Problem statement: Copy out each line below containing "Black".

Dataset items
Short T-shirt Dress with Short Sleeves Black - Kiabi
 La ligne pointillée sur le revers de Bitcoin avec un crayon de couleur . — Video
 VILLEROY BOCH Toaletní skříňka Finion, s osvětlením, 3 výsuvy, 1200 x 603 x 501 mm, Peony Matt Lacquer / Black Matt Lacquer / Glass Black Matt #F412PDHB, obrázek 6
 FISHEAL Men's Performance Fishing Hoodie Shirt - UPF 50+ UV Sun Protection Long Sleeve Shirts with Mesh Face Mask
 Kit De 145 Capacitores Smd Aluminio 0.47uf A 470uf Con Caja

Solved problem:
Short T-shirt Dress with Short Sleeves Black - Kiabi
 VILLEROY BOCH Toaletní skříňka Finion, s osvětlením, 3 výsuvy, 1200 x 603 x 501 mm, Peony Matt Lacquer / Black Matt Lacquer / Glass Black Matt #F412PDHB, obrázek 6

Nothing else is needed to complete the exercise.